Photo Credit: StockSnap onPixabay.
It may seem like an unlikely source for inspiration about parenting, but I am writing this article after listening to Seth Godin, a Canadian business marketer, talk about the importance of stories. Although he was not talking at all about parenting, he did talk about how stories are often ingrained and we are unaware that we are telling them.
This resonated with me and got me thinking: what stories do we tell ourselves about infant sleep? And do these stories support our parenting? Or do they undermine it?

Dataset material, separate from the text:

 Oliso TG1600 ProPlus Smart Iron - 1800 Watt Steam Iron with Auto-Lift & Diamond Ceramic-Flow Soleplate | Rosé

If we think of a story as a script that we tell ourselves, we may notice that we tell ourselves stories all the time that may not be true, particularly around infant sleep. The following stories may sound familiar to you:
I need to nip this problem in the bud or my child will never sleep well;
If my baby breastfeeds to sleep she will never learn self-soothing skills;
My baby is manipulating me and I need to “take charge” of the situation;
If we allow our toddler to sleep in our bed, they will never leave.

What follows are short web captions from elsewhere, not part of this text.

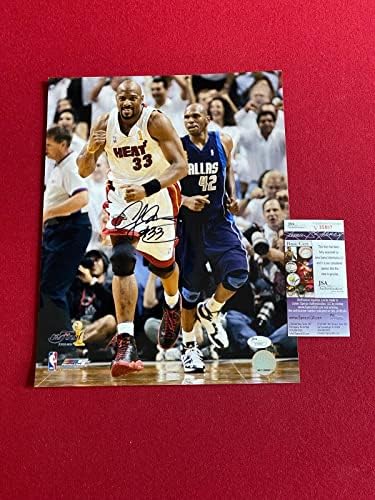 Алонзо Моуринг с автограф (JSA) Снимка 11 x 14 (Рядко / винтажное) HEAT - Снимки на НБА с автограф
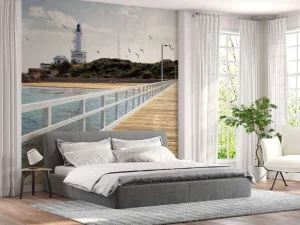 Online Lange brug in Australië fotobehang Architectuur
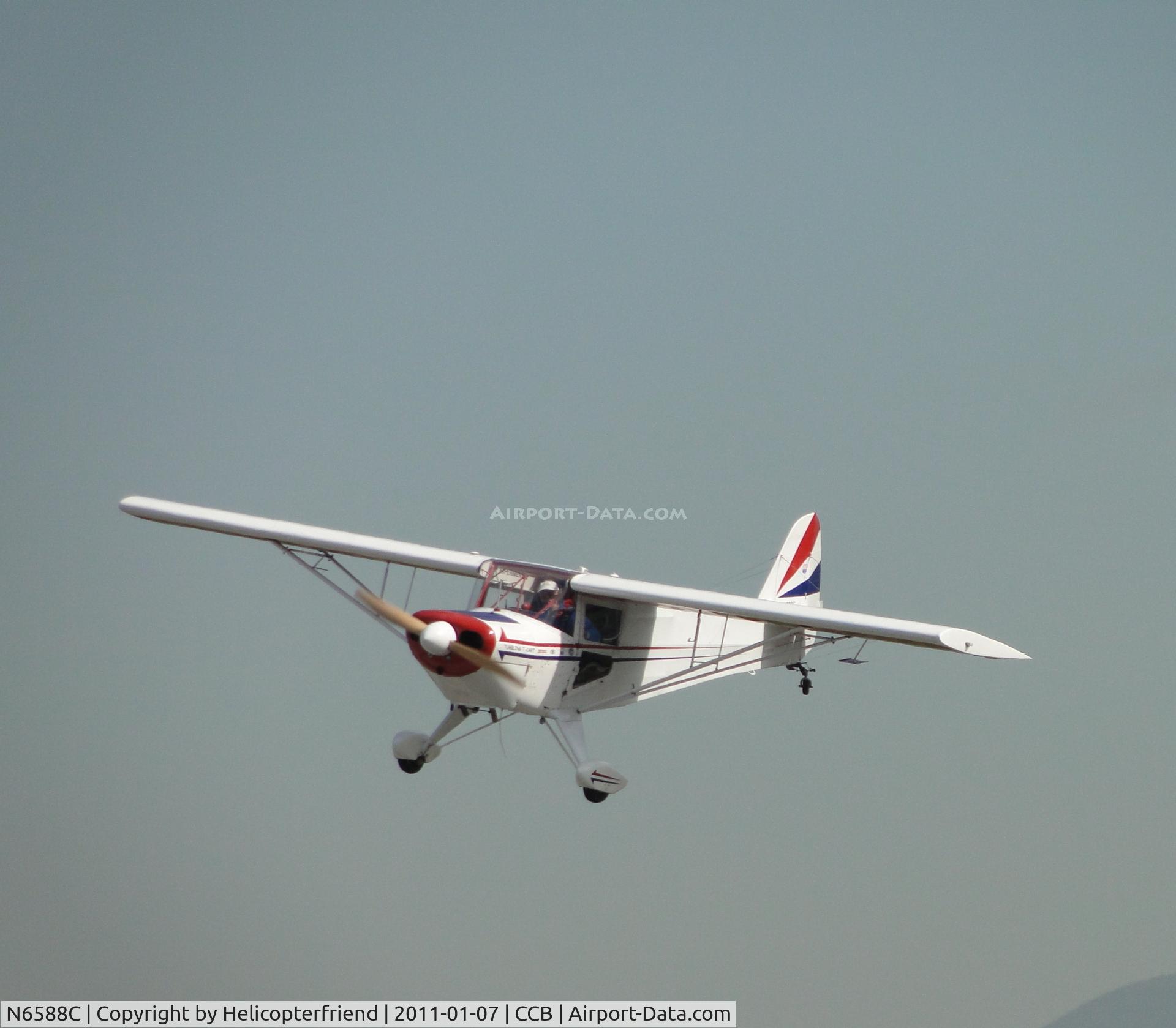 N6588C, 1992 Taylorcraft/Swick T-Clips C/N 1, Turning into final for runway 24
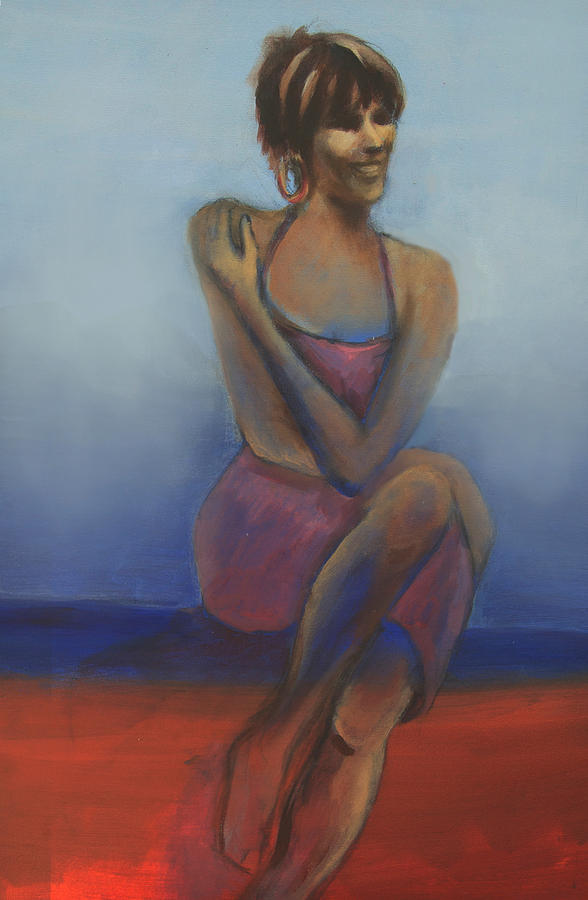 Portrait Painting - Portrait of Lorraine by Jea DeVoe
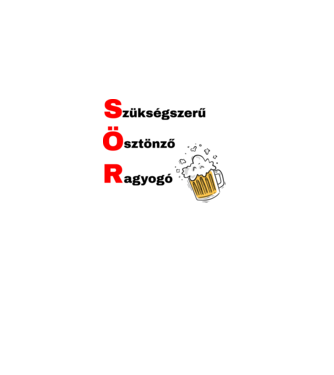 Sör minta fehér pólón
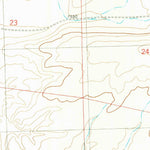 United States Geological Survey Mojonera Canyon, NM (1981, 24000-Scale) digital map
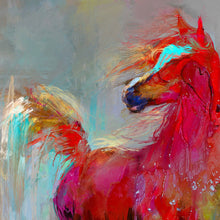 "Gold&Red" by Gabrielle Benot, Textured Giclée on Canvas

Perhaps reading this list has you nodding your head vigorously. Perhaps seeing them laid out like this surprises you. Perhaps, as a busy parent you may just be trying to manage the day and you haven’t had time to even consider how many “stories” we tell ourselves and how many “scripts” we recite to ourselves without thought!

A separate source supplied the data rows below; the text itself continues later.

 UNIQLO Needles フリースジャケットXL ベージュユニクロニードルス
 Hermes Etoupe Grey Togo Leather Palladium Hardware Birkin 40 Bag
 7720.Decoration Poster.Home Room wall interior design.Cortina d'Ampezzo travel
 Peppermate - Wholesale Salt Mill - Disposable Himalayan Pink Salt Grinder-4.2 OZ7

Regardless of your awareness of these stories, many of them are deeply ingrained in the way we approach parenting. It is what makes them so challenging to change. By acknowledging and paying attention to these stories, we are able to reflect on whether they are serving us well and whether they are stories we can rewrite.
What if we rewrote the stories we tell?
What if instead of assuming our babies are manipulating us, or that they are developing bad habits, or that doing one thing that supports sleep now will lead to years of regret, we rewrote the script? Perhaps it would sound something like this:
My baby has needs that require my help to meet;
My baby will develop skills over time as her nervous system matures;
My baby is communicating to me in the only way he can;
If what we are doing is not working for us, we can change it when we are ready;
Meeting my baby’s needs allows my baby to feel safe and “right” in the world;
As my baby develops, his needs will change. I can respond to these changes;
I will make decisions that don’t work or feel right. But I can learn from this;
My baby is learning all the time. And so am I;
My responsiveness to my baby is not a slippery slope. I can change our routines and our approaches if what we are doing no longer fits our family;
Babies don’t have habits. They have needs;
My needs are important, too. It does not have to be “either or”.
As you reflect on the stories you tell yourself, what comes up for you? What stories fit the way you want to parent? And which ones are worth re-writing?